The courtyard at the Bosque Redondo Memorial near Ft. Sumner, NM.

Ft. Sumner, NM I love a road trip and I’ve probably been past the turn off to Ft. Sumner on I-40 two dozen times, even a couple of times wondering how far it was from the interstate (47 miles) and thinking that someday I should go, especially after 2005 when the state of New Mexico established a state monument at the site where 6,000+ Navajos were incarcerated from 1864 to 1868.  Today, I went to the memorial with Jennie Slick.

In Navajo, the site is referred to as Hweeldi, meaning a place of suffering.   The history leading up to the forced march of the Navajo to a place 350 miles from their homes is a complex series of failures to understand the culture and governance of the Navajo played against the backdrop of a growing nation convinced of a Manifest Destiny that endowed it with the right to modify, move or destroy anything in it’s path.   It is to the immense credit of the Navajo people that their leaders, notably Barboncito and Manuelito, were able to befriend and negotiate with the government agents and convince them that the best thing for all concerned was to return the Navajos to the homeland where they had been self-sufficient.
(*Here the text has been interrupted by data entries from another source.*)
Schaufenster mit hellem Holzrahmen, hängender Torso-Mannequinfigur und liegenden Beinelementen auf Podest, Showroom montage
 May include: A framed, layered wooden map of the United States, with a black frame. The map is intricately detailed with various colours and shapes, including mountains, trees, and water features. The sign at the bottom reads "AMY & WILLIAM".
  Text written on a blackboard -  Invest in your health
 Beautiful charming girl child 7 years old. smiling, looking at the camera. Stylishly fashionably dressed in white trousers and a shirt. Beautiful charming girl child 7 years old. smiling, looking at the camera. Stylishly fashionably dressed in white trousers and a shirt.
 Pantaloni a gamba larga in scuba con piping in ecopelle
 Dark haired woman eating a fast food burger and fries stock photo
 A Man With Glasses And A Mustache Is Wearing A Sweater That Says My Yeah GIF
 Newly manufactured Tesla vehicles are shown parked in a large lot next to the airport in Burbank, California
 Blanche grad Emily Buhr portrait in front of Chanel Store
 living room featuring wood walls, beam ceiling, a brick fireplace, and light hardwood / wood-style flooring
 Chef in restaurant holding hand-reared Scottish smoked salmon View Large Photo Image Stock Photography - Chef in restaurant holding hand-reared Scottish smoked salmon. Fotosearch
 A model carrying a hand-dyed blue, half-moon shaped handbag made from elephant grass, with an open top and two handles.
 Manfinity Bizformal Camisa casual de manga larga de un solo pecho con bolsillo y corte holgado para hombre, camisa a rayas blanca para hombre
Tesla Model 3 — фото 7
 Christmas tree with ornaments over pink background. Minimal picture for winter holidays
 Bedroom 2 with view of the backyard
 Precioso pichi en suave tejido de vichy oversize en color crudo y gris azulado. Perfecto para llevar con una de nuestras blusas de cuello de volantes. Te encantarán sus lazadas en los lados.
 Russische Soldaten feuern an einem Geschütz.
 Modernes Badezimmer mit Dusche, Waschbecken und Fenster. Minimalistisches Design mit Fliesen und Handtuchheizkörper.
Even under the conditions at Hweeldi, the Navajos still wove as a means of survival.  Here, the Navajos learned to use the brilliantly colored plied yarns from Germantown, Pennsylvania, producing some of the finest and most beautiful weaving that is part of the art form.    In a strange place, trying to adapt to unfamiliar foods and enduring atrocious treatment, they did not dwell on the injustice but instead they carried on their traditions as best they could and they found a way to come home.


Looking northwest from Bosque Redondo at sunset.